8. Administration of the Plan.

(a) The Plan will be administered by the Compensation Committee and the Board.

(b) Each of the Compensation Committee and the Board has the full authority and discretion to administer the Plan and to take any action that is necessary or advisable in connection with the administration of the Plan, including without limitation the authority and discretion to interpret and construe any provision of the Plan or of any agreement, notification or document evidencing the grant of a Stock Option. The interpretation and construction by the Compensation Committee or the Board, as applicable, of any such provision and any determination by the Compensation Committee or the Board, as applicable, pursuant to any provision of the Plan or of any such agreement, notification or document will be final and conclusive. No member of the Compensation Committee will be liable for any such action or determination made in good faith.

(c) Notwithstanding any provision of the Plan to the contrary, the Compensation Committee will have the exclusive authority and discretion to administer or otherwise take any action required or permitted to be taken under the provisions of Paragraph 6, 8(a), 8(b), 9(a) and 9(b) hereof with respect to Stock Options granted under the Plan that are intended to comply with the requirements of Section 162(m) of the Code.

9. Amendments, Etc.

(a) The Compensation Committee or the Board, as applicable, may without the consent of the Participant amend any agreement evidencing a Stock Option granted under the Plan, or otherwise take action to accelerate the time or times at which the Stock Option may be exercised pursuant to Section 5(e), to extend the expiration date of the Stock Option, to waive any other condition or restriction applicable to such Stock Option or to the exercise of such Stock Option, to amend the definition of a change in control of the Company (if such a definition is contained in such agreement) to expand the events that would result in a change in control of the Company and to add a change in control provision to such agreement (if such provision is not contained in such agreement) and may amend any such agreement in any other respect with the consent of the Participant. Any change to accelerate the time or times at which the Stock Option may be exercised other than pursuant to Section 5(e) or to reduce the exercise price of any Stock Option other than pursuant to Section 6 will require stockholder approval.

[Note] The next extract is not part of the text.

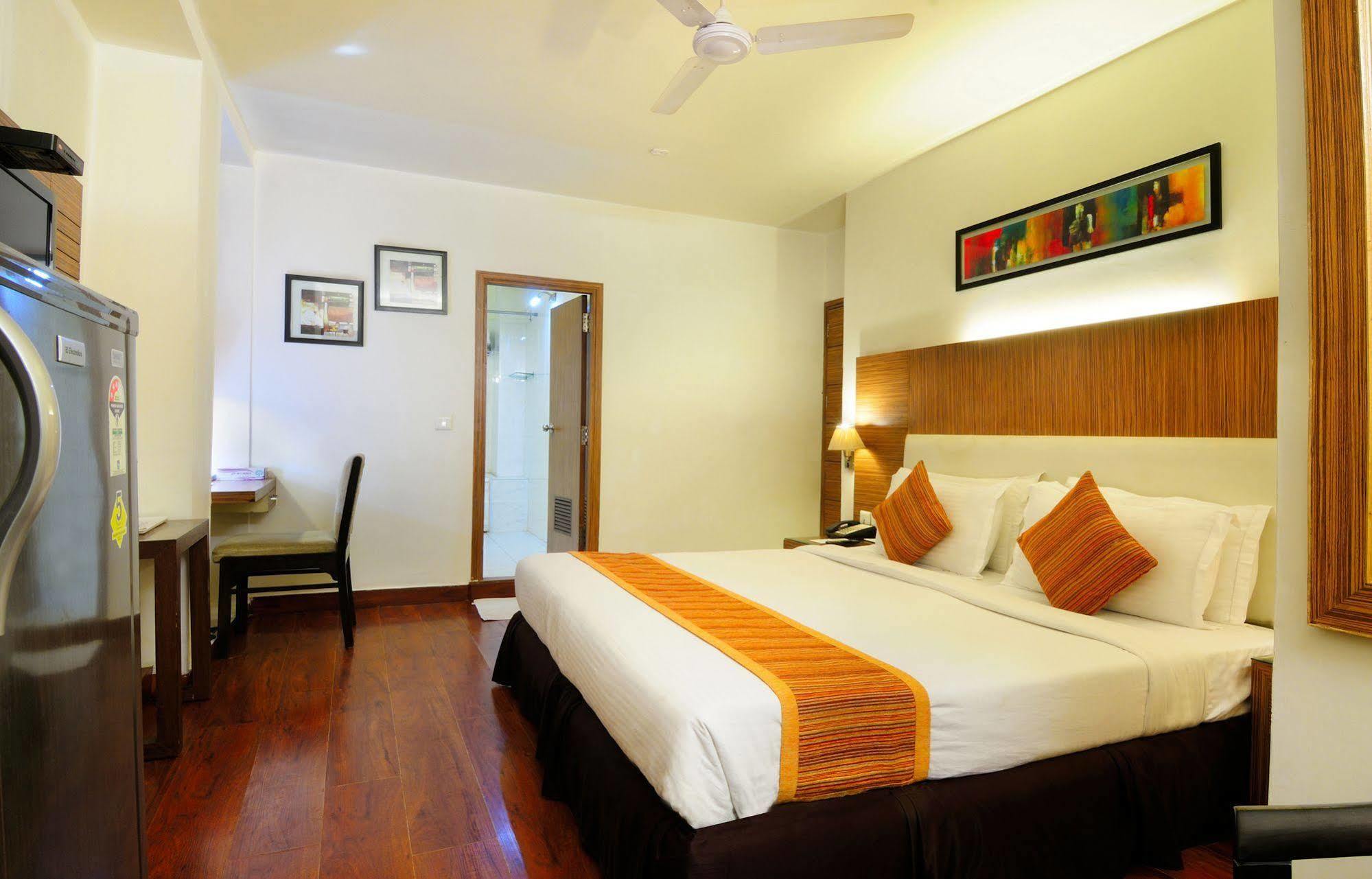 Crossroads Hotel Gurgaon Bagian luar foto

(b) The Plan may be amended from time to time by the Board or any duly authorized committee thereof. If required by any law, or any rule or regulation issued or promulgated by the Internal Revenue Service, the Securities and Exchange Commission, the National Association of Securities Dealers, Inc., The Nasdaq, Inc’s. National Market (or any other stock exchange upon which the Common Stock is listed for trading), or any other governmental or quasi-governmental agency having jurisdiction over the Company, the Common Stock or the Plan (collectively the “Legal Requirements”), any such amendment will also be submitted to and approved by the requisite vote of the stockholders of the Company. If any Legal Requirement requires the Plan to be amended, or in the event Rule 16b-3 is amended or supplemented (e.g., by addition of alternative rules) or any of the rules under Section 16 of the Act are amended or supplemented, in either event to permit the Company to remove or lessen any restrictions on or with respect to Stock Options, the Board and the Compensation Committee each reserves the right to amend the Plan to the extent of any such requirement, amendment or supplement, and all Stock Options then outstanding will be subject to such amendment.

(c) The Plan may be terminated at any time by action of the Board. The termination of the Plan will not adversely affect the terms of any outstanding Stock Option.

(d) The Plan will not confer upon any Participant any right with respect to continuance of employment or other service with the Company or any Subsidiary, nor will it interfere in any way with any right the Company or any Subsidiary would otherwise have to terminate a Participant’s employment or other service at any time.

10. Condition to Effectiveness of Plan. This Plan shall be effective upon the effective date of the Company’s initial public offering.